“Shut up,” I replied.
He grinned, then winced, pressing a hand lightly against his side. The movement was automatic, the way men touched wounds without meaning to.
“You good?” I asked.
“Define good,” he said.
“Fuck you,” I said, echoing his earlier line.
“Love you too,” he said back.
The room buzzed around us—low music from the battered speakers, balls clicking on felt, quiet conversations. No kids’ voices anymore. They’d all been shipped out to safe houses. The absence was its own sound.
I let myself breathe for half a second. Just one.
Then Blackjack’s phone rang.
The sound sliced through the room in a way normal ringtones didn’t. Maybe it was just that everyone here had been conditioned to clock that particular tone. Maybe it was the way he moved when he heard it.
He straightened from the pool table, cue still in one hand, and reached into his pocket with the other. He didn’t automatically hit speaker this time. He glanced at the screen first.

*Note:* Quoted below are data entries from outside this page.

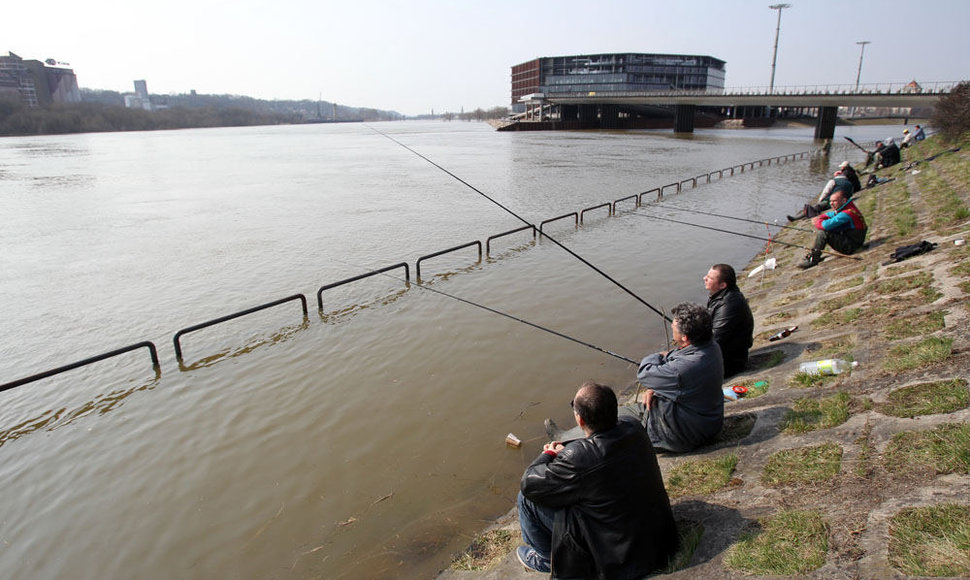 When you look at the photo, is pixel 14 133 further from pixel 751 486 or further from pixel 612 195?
pixel 751 486

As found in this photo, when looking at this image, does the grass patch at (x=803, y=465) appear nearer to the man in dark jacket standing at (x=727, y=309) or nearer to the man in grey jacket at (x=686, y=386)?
the man in grey jacket at (x=686, y=386)

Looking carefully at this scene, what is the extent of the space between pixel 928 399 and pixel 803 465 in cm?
132

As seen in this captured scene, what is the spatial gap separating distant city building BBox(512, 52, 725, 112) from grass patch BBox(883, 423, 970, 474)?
14560 centimetres

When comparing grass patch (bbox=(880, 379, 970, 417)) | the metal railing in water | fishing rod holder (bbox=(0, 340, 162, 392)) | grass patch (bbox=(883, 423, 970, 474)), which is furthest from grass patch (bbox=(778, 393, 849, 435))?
fishing rod holder (bbox=(0, 340, 162, 392))

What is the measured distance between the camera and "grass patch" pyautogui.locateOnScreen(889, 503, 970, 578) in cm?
278

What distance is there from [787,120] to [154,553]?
Result: 15062 centimetres

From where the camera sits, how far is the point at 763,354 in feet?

Something in his shoulders changed.
8-Ball saw it. So did Snake Eyes and Spade, who were mid-game of darts nearby. So did half the room, even if they pretended not to be looking.
I watched him thumb flick the answer button. He brought the phone to his ear instead of setting it on the table. That alone said enough.

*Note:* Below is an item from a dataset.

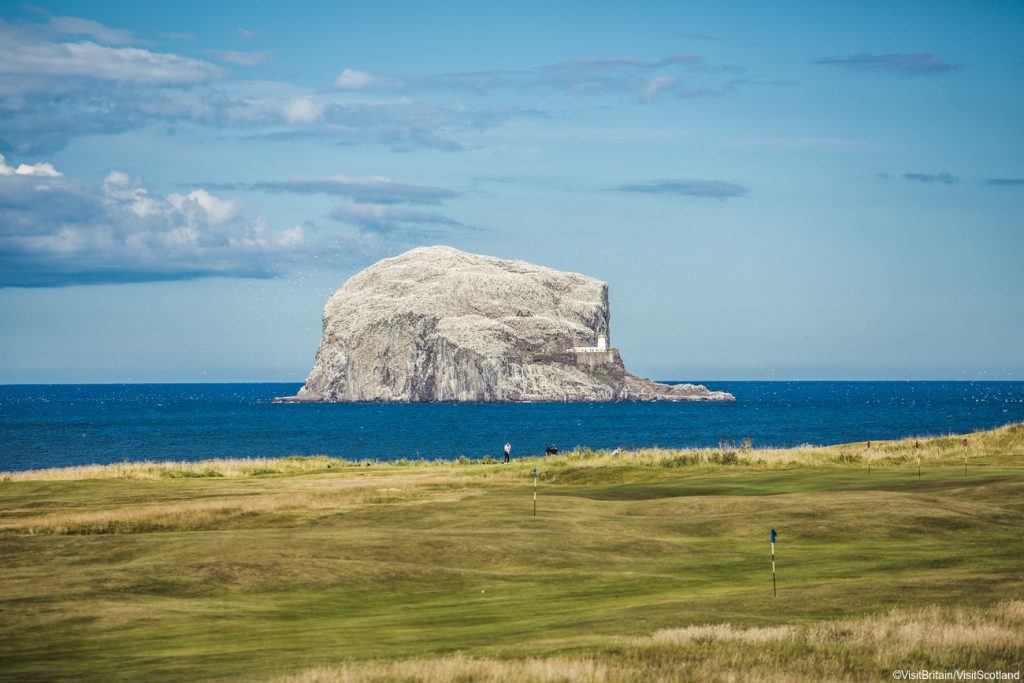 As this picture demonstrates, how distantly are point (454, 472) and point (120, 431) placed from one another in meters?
122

“Yeah,” he said into the receiver.
His gaze lifted, swept the room, found me without really trying. Found Miami. FoundValkyrie. Found the core.
He held our eyes for a beat.
“It’s Roman,” he said to the room.
Everything went a notch quieter. Not silent. Just… focused. Like all the air had leaned in.
I felt my spine straighten on instinct. Miami’s hand found the bar again, knuckles whitening. Valkyrie’s eyes cut from Blackjack to me, that unspoken question floating in the space between us.
Wherever this went next, we were about to find out.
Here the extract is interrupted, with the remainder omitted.